WORLD TRADE ORGANIZATION, FOURTH MINISTERIAL MEETING

Belgium's star envoy
> BY NICOLE KARSIN
Copyright © 2002 by The Earth Times. All rights reserved
DOHA, Qatar-Like a queen surrounded by buzzing bees which swarmed from all directions, Annemie Neyts-Uyttebroek, looked at the journalists, smiled and said of the talks: "They have reached a very difficult, but fascinating stage. This is all really very interesting." Cameras clicked, pencils raced furiously on notebooks as they hung on every word she uttered.

Neyts-Uyttebroek, Belgium's Minister of State for Foreign Affairs, is in Doha as the representative of the 15-nation European Union's Executive Commission. Is being a woman in this business, and especially in a country where males rule supreme difficult in any way?

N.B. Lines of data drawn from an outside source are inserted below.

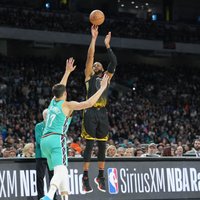 'Spurs' zaudējumā pret 'Warriors' ar 68 323 līdzjutējiem sasniedz NBA apmeklētības rekordu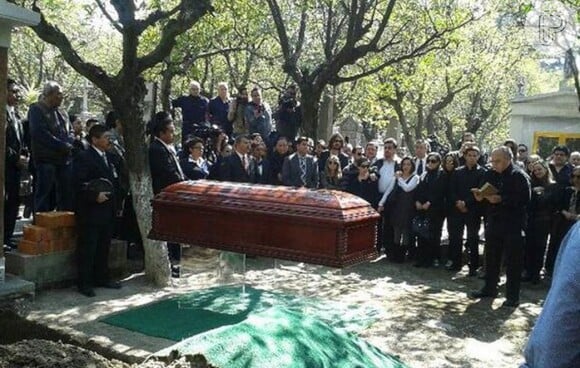 Corpo de Roberto Gómez Bolaños é enterrado no México: 'Descanse em paz'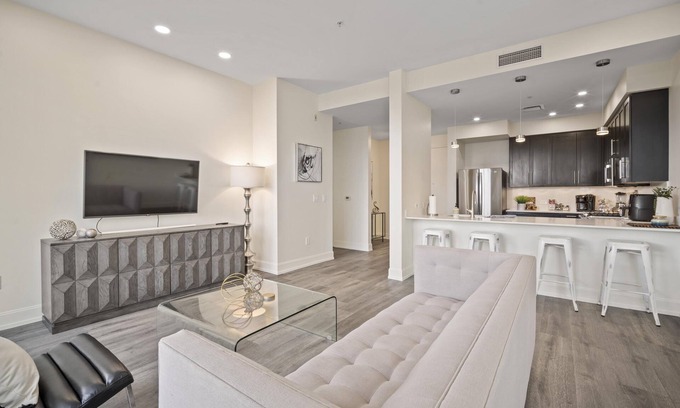 Desert Ridge Apartment | Eat, Play, Stay! Large 1x1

She just laughed: "Personally, being a woman, poses me no problem at all." For her, gender issues are not a barrier. "As far as I can see, nobody questions my authority when I'm presiding at the council," she said. The same applies for European women Ministers here, she said. A former member of the European Parliament who has traveled widely throughout the world, she was at ease as she spoke in French, Flemish and English, seamlessly switching from one language to the other.

Calmly she looked, and smiled and thought as she held court wearing a brown crepe suit, a green blazer, smashing black heels. Confidence exuding. "I see with pleasure as far as I can judge, an increasing number of women delegates compared to what I used to see at previous international meetings," she said. "So that's a very positive development. I will always keep paying attention to that and encouraging these developments."

Neyts-Uyttebloeck navigated through the myriad complexities of international trade with grace, and with concern. "I do believe that the opening up of societies, opening to trade, opening to exchange can only be beneficial for gender issues and greater equality between men and women," she said. "It's closed societies that are most likely to be very slow in that process."